Word for word, print out all of the data, omitting every image.
··· Input data
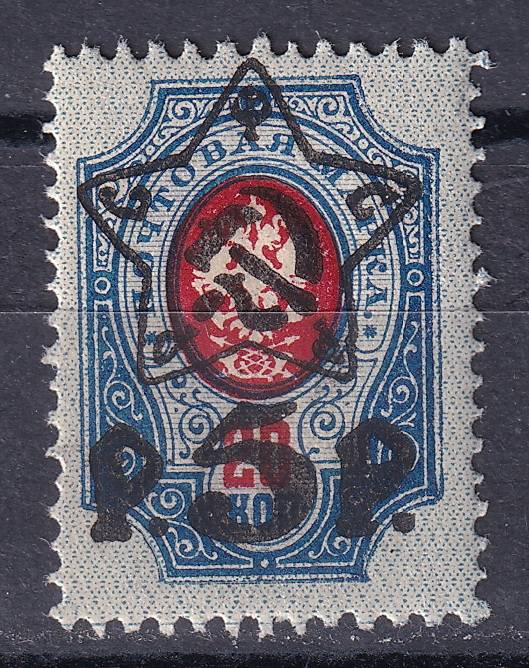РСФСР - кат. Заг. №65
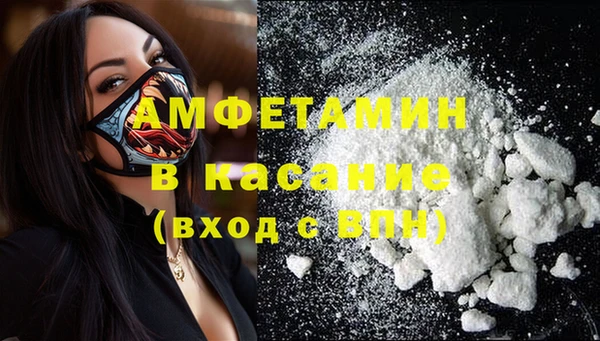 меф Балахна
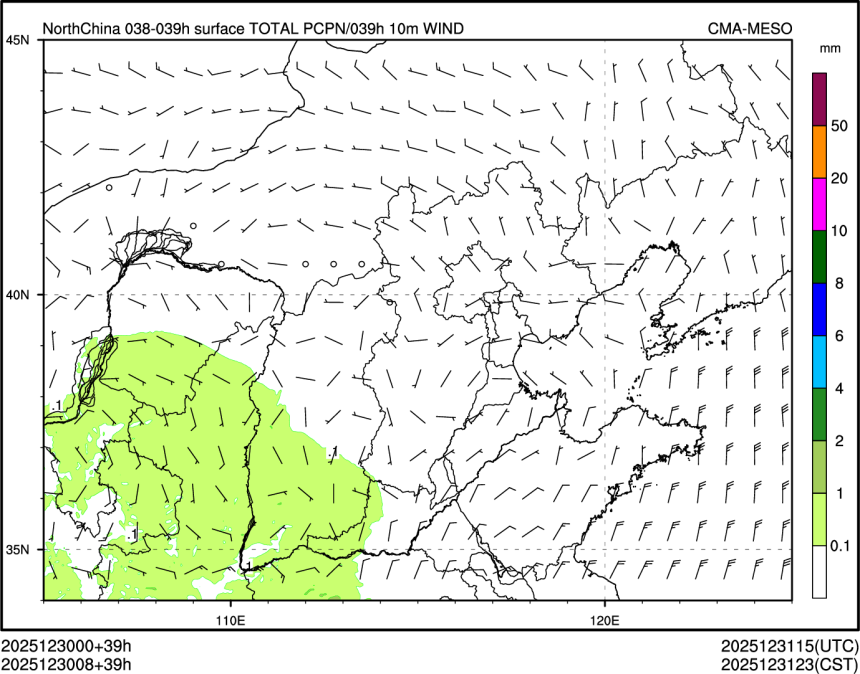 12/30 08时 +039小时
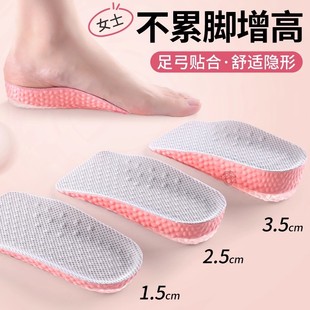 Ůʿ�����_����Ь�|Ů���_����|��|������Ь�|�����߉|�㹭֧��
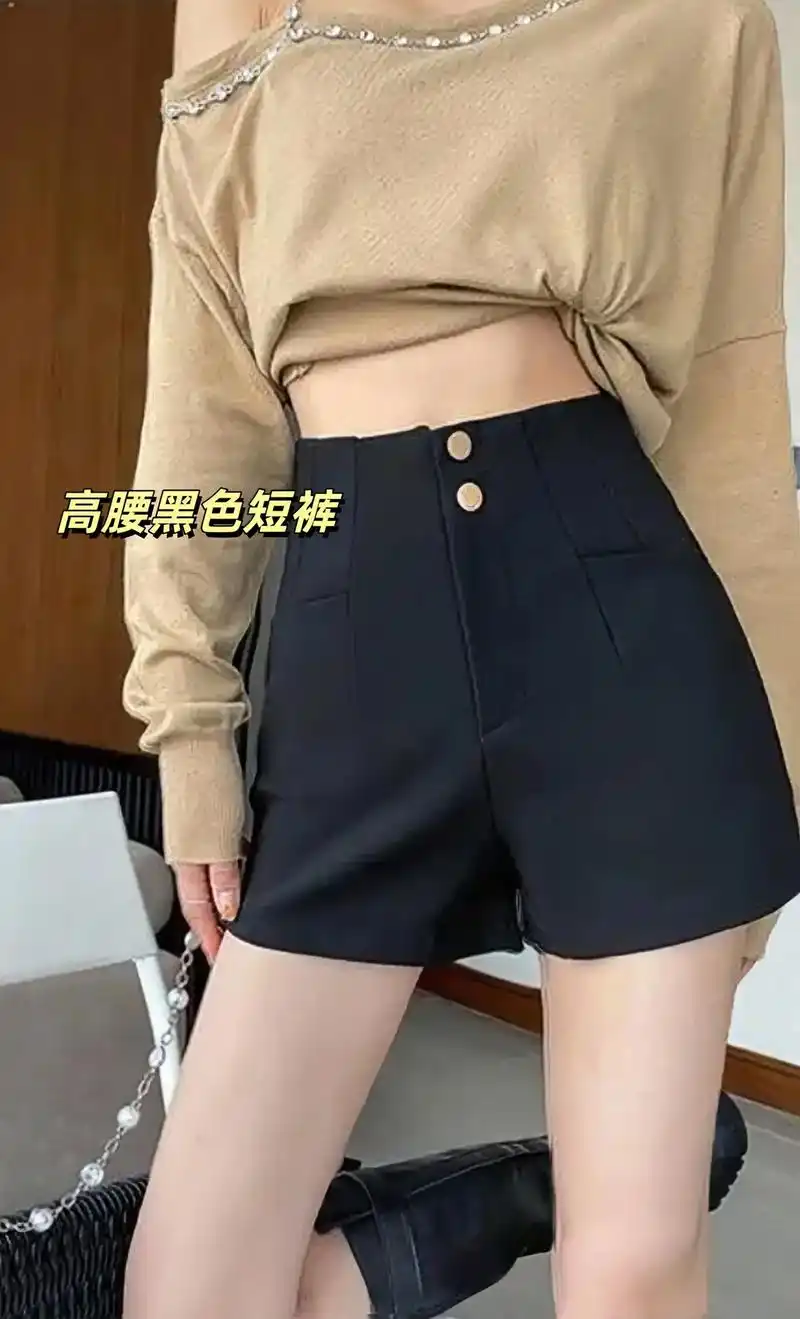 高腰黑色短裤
······
◆ Solution ◆
РСФСР - кат. Заг. №65
 меф Балахна
 12/30 08时 +039小时
 Ůʿ�����_����Ь�|Ů���_����|��|������Ь�|�����߉|�㹭֧��
 高腰黑色短裤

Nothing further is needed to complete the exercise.